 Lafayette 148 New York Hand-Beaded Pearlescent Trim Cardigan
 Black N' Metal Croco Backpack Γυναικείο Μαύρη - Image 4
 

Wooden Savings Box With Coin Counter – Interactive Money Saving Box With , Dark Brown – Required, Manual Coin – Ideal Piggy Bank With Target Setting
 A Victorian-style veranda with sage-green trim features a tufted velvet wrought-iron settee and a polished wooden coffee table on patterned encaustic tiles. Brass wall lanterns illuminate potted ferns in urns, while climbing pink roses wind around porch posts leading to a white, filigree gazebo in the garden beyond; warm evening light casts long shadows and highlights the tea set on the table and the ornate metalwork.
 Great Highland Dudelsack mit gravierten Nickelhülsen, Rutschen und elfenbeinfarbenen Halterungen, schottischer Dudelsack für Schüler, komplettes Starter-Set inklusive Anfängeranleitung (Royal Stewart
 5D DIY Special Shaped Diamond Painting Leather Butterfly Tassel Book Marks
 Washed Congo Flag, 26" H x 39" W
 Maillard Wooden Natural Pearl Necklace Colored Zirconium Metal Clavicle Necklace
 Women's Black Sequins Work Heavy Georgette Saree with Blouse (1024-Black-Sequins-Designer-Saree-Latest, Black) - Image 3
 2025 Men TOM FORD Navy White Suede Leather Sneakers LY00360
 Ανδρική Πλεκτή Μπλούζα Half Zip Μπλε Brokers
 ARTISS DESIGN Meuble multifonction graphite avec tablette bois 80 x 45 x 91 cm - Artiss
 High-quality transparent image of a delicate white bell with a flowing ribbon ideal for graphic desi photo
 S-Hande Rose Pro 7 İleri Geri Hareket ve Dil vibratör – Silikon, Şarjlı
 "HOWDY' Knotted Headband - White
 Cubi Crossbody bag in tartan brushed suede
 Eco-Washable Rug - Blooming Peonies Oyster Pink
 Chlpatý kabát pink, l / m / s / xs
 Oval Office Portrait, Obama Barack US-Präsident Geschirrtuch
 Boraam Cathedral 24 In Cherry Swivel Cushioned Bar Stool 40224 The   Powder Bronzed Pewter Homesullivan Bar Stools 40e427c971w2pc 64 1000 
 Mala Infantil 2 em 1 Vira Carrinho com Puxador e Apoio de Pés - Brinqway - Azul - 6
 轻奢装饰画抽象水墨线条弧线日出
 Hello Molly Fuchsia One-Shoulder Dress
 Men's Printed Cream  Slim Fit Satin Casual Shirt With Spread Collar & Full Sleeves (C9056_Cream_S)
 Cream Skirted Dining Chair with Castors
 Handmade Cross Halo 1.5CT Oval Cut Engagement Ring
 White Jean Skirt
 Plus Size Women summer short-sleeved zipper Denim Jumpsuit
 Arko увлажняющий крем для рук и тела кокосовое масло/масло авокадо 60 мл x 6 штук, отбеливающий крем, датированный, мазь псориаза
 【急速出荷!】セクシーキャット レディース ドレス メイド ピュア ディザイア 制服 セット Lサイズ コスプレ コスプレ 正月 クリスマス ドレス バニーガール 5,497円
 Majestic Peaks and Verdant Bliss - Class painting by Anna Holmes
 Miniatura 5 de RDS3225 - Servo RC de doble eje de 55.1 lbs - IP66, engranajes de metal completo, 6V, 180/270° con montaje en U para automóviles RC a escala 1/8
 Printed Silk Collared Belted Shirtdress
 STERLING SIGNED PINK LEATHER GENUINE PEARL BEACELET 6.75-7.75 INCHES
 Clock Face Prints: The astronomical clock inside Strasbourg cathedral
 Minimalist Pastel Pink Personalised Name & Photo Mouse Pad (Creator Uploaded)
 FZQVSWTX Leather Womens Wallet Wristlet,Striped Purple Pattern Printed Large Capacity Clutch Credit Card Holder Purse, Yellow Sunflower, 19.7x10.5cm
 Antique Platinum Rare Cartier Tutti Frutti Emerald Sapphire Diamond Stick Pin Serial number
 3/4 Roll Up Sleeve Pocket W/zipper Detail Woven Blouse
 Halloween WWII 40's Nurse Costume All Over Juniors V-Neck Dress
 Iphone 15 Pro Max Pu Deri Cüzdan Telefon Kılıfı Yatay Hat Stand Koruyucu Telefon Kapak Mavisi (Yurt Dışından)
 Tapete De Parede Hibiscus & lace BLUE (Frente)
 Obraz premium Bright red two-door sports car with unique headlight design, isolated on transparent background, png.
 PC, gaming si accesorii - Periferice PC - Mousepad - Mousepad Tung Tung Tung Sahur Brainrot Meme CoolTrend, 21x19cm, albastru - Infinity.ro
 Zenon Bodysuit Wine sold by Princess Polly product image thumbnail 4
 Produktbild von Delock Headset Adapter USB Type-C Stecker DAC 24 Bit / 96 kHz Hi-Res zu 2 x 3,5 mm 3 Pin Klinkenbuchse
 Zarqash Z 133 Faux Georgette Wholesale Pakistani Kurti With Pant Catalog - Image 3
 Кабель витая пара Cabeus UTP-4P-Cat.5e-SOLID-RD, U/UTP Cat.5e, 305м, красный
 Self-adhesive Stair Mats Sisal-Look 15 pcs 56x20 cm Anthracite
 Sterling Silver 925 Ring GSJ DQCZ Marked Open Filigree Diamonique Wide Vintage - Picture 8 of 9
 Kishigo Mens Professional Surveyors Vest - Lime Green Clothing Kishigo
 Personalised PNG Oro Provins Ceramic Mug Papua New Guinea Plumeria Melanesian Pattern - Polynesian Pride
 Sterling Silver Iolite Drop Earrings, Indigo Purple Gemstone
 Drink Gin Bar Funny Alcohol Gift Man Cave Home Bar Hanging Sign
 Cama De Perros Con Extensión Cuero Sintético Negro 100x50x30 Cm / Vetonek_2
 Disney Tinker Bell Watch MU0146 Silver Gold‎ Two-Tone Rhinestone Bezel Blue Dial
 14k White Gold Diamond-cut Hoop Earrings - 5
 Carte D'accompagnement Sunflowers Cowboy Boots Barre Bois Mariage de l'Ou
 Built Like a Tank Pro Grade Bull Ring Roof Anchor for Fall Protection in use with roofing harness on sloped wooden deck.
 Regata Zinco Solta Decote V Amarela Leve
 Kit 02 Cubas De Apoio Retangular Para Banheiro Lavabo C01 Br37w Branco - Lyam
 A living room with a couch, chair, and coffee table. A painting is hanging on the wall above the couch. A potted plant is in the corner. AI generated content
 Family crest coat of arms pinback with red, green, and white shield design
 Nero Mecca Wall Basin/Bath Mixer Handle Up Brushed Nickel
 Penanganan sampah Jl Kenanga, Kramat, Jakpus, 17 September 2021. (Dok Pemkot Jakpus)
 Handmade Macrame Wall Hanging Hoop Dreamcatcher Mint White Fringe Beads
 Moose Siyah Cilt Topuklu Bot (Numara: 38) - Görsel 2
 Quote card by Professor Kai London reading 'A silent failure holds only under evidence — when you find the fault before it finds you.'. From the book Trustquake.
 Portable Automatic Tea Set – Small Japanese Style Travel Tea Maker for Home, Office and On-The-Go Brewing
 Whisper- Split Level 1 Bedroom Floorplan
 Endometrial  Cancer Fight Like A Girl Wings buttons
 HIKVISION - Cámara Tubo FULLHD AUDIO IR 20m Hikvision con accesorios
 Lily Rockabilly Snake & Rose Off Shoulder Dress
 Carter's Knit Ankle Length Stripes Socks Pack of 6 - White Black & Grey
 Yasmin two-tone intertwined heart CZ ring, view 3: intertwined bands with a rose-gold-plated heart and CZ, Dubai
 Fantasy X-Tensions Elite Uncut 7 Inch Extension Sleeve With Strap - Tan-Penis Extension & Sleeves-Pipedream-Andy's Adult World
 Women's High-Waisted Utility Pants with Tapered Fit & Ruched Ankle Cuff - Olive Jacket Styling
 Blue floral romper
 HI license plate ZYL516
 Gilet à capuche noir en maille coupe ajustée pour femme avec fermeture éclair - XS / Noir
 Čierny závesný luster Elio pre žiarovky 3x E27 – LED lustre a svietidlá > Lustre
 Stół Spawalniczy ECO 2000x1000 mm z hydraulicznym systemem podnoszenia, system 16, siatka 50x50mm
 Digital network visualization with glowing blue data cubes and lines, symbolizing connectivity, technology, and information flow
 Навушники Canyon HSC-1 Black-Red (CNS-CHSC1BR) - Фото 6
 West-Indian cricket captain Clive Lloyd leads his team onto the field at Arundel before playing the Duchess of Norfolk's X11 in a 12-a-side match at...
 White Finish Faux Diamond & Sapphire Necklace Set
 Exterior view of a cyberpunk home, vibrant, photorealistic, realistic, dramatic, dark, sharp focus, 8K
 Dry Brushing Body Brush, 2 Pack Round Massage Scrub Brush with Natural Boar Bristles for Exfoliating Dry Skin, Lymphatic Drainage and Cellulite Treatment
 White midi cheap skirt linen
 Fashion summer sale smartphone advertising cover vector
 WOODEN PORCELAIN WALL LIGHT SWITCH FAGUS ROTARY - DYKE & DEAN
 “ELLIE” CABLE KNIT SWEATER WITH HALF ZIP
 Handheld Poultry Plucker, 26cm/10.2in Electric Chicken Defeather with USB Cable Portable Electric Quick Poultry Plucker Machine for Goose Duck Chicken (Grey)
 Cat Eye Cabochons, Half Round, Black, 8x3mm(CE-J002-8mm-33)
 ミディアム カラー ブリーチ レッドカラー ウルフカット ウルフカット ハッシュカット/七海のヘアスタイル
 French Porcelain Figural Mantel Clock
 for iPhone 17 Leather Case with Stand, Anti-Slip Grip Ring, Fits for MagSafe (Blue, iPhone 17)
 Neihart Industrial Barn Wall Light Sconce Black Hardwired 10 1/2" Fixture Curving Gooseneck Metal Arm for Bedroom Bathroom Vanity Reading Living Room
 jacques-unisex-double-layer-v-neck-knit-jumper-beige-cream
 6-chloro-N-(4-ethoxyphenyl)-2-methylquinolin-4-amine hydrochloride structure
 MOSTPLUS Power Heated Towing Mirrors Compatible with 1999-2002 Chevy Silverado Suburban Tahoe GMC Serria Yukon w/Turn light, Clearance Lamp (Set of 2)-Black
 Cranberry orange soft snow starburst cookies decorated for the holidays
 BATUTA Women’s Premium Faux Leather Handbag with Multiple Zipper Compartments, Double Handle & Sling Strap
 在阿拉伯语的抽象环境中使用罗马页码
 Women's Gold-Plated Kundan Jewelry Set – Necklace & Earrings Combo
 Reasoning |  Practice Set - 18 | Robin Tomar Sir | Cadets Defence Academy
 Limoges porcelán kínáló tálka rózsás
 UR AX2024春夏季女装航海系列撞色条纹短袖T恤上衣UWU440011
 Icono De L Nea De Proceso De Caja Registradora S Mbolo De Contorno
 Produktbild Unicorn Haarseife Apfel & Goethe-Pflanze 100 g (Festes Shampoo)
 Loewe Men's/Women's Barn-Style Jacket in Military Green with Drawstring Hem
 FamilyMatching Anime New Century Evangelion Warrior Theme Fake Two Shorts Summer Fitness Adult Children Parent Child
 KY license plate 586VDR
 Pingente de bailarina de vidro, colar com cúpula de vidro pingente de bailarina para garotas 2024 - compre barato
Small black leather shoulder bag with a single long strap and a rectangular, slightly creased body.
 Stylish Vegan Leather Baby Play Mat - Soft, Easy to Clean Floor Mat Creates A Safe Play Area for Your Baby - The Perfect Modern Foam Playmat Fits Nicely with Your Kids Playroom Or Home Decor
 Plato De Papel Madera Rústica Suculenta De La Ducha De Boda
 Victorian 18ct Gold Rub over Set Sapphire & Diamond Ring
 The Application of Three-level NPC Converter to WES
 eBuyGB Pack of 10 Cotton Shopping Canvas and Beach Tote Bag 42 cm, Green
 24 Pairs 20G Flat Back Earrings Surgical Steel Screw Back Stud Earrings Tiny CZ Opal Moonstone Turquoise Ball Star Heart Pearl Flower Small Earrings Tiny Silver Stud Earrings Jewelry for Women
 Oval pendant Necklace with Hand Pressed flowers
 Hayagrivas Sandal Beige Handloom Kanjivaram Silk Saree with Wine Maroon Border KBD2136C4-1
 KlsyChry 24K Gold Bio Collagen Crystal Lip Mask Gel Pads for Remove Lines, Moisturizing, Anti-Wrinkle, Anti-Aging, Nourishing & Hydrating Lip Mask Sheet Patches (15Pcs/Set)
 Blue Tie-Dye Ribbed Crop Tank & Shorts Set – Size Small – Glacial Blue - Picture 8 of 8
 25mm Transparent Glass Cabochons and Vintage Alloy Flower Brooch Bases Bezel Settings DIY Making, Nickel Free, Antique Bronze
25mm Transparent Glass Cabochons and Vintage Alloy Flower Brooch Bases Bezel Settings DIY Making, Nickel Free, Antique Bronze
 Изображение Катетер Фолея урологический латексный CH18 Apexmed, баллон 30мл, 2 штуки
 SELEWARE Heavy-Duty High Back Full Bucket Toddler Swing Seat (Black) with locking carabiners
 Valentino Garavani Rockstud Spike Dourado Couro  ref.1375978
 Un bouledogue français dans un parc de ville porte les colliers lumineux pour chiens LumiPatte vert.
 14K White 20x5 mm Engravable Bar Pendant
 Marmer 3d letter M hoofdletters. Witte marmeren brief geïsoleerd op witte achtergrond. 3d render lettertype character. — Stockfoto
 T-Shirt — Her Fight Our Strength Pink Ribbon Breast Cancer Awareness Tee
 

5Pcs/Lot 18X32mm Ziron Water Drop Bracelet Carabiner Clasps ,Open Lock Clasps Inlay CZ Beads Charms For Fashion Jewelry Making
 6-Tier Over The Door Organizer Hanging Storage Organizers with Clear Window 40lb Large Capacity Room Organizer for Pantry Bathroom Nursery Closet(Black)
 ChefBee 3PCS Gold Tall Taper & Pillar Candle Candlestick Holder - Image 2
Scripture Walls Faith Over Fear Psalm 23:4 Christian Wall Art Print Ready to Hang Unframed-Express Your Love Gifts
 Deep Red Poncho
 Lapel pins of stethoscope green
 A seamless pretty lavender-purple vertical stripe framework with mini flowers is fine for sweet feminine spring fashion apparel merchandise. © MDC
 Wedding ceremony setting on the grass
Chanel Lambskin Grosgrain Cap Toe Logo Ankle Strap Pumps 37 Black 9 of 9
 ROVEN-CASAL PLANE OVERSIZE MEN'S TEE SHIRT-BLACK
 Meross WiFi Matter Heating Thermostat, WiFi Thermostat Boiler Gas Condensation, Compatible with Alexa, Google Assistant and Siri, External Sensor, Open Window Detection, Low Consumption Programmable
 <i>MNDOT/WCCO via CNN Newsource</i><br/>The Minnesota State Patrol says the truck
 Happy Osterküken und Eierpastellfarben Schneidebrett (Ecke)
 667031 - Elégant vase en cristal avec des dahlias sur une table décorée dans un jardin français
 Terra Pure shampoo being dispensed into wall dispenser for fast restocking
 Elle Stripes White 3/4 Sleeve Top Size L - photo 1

##########

**Task details**
Where does the word "Alloy" appear in the records above? Return every line that holds it.

**Answer below**
 25mm Transparent Glass Cabochons and Vintage Alloy Flower Brooch Bases Bezel Settings DIY Making, Nickel Free, Antique Bronze
25mm Transparent Glass Cabochons and Vintage Alloy Flower Brooch Bases Bezel Settings DIY Making, Nickel Free, Antique Bronze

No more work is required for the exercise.